Jennifer L. Knox, Drunk by Noon, Bloof Books, 2007

Reviewed by JoAnna Novak

[Review Guidelines]

Jennifer L. Knox dissolves the prose poem. She neglects the pantoum and the rondel, but happily supplies almost sixty tenets. She’ll give you a monologue or a punchline, a peek into the dark side. She unleashes the loose sonnet straight away. "Yowl of the Obese Spaniel," the first poem in Drunk By Noon, is neither Petrarchan or Shakespearean in rhyme scheme, though the plight of this particular canine is lovingly considered with plenty of street-cred and, well, empathy.

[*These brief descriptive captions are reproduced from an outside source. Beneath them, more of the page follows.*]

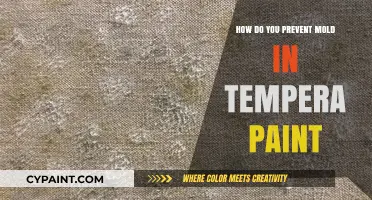 Preventing Mold in Tempera Paint: Essential Tips and Techniques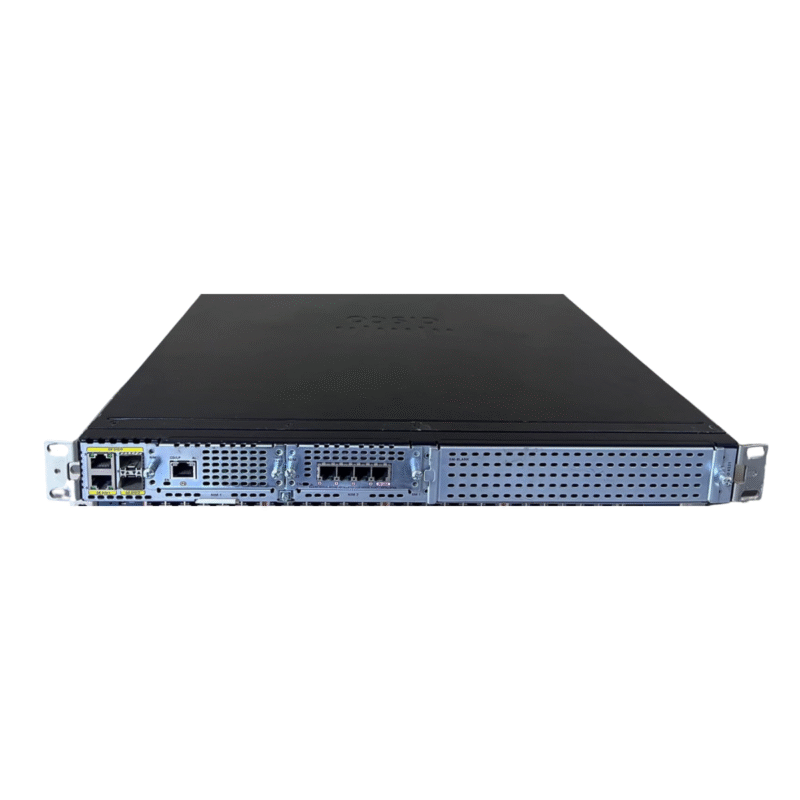 Cisco 4331-AX/K9 Integrated Services Router for scalable enterprise networking.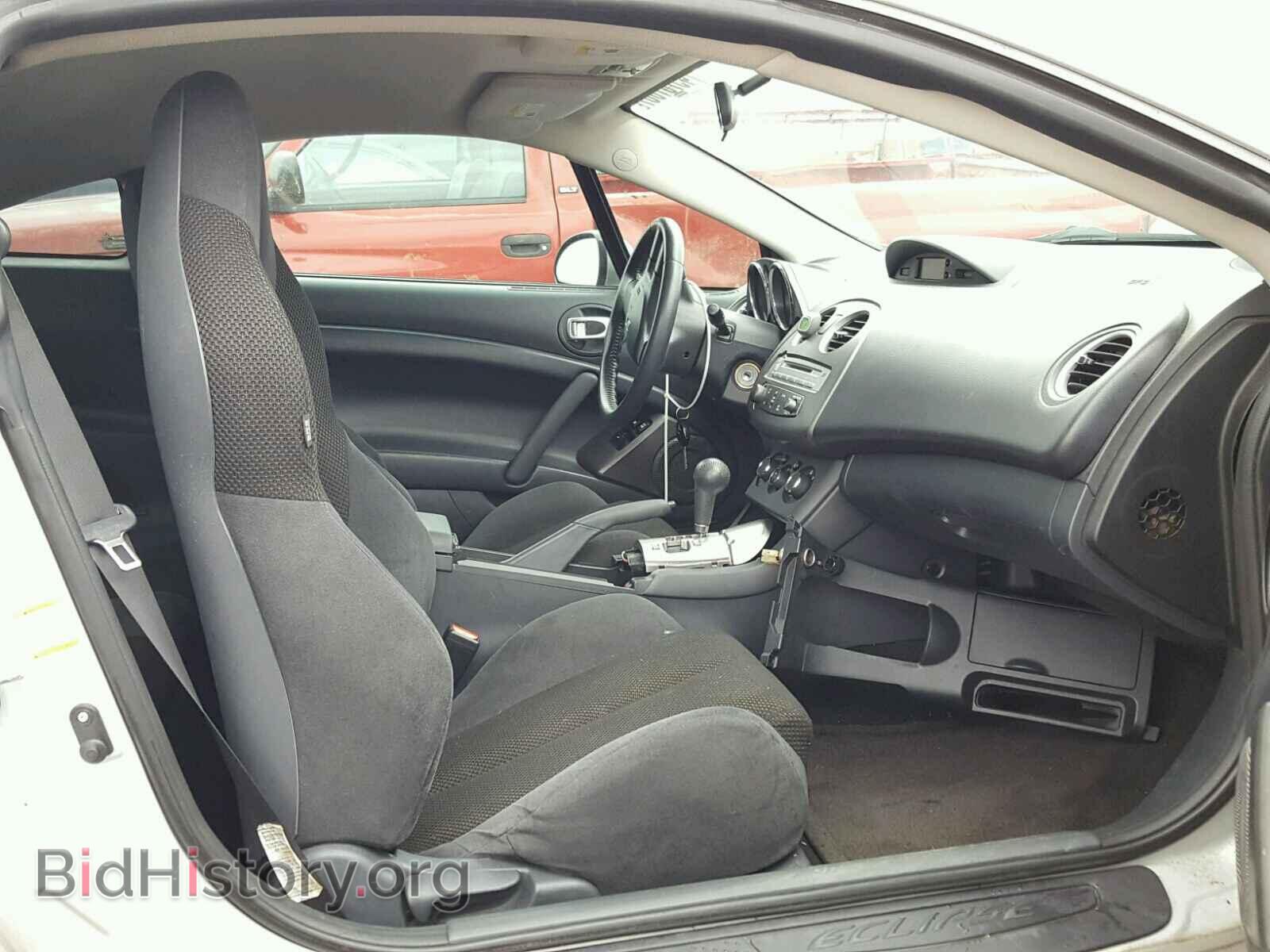 2007 MITSUBISHI ECLIPSE - VIN: 4A3AK24F07E068043 - Photo 5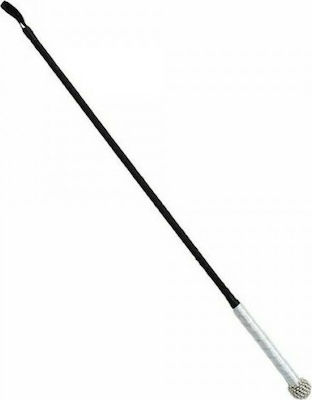 Toyz4lovers Easy Horse Whip in Schwarz Farbe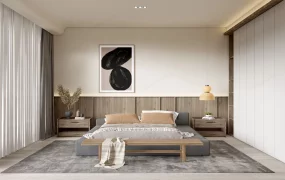 Modern Wabi Sabi Bedroom Design Ideas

Knox’s speaker may be disguised as a waddling spaniel but do not be fooled: this speaker tells the truth, or, at least, declares the truth is out there, the truth can be told, the truth is nothing more than something to be revealed. The truth cannot be trusted, but the wiseacre speaker—sheesh, that’s another story.
     Knox challenges notions of who the speaker of a poem should be. Should this speaker say, for example, "eat the burrito / like you’re fucking it, Joel" (67)? Sure. The speaker slips into different affectations with ease. Sometimes rural, other times rhythmic, Knox sure-handedly sifts through colloquialisms and pop cultural reference points with such skill that I feel safe in saying that her speaker—while perhaps co-dependent, certainly racking up more rehab points than Robert Downey, Jr.—is a voice both savvy and saucy enough to defy gender and social standards all while maintaining eerily-precise diction.
     The title phrase, "drunk by noon," appears with a bit more context as an epigraph to the third and final section. It comes from a song by the Handsome Family, an alternative-duo bending the boundaries of art—are they musicians, painters, writers? Regardless, the phrase seems to be employed by Knox as an unspoken mantra for this speaker, so interested in identifying him/herself as a degenerate that the dark moments don’t seem quite so heavy. It does not seem insignificant that in, "So Sweet Our Teeth Ache," the speaker longs to be incapacitated. Knox plays with our slang and deconstructs our pop-cultural wastedness. "Incapacitated" may be understood to mean inebriated; it also, quite literally, suggests a violent death. No, she’s not the schoolmarm wagging a finger. She’s the bad girl, admittedly doing the bad thing, while tucking away with Proust at night. This is a speaker amorphous and aware, alternately longing for daiquiris and observing a chandelier-store: "up to its roof in tumbleweeds that sliced the sun- / light inside to beige lace" (22).
     Jennifer L. Knox has suggested that the ideal reader of her work is "a man, dressed like a woman, is over 40 but wider than a mile, 9 feet tall, all that, is a Camaro owner ... happily answers all telephone surveys" (24). These are large shoes to fill (and most likely Timberlands or vintage Air Jordans), but I would happily give it a shot. I’ve conducted telephone surveys and I wear designer jeans with back pocket stitching that would flatter even the most sylphic man’s ass. Whether or not your favorite books include "Dennis Hopper in Blue Velvet," you, too, can be the ideal reader for Knox. Though she loves to taunt the staunch literary type with references to Andy and Barney, Pimp My Ride, and Wango Tango, her poems revel not only in the affirmation that American pop culture is substantive enough, thank you very much, but, that, even within the realm of the bull rider "hot blood" lurks beneath the surface.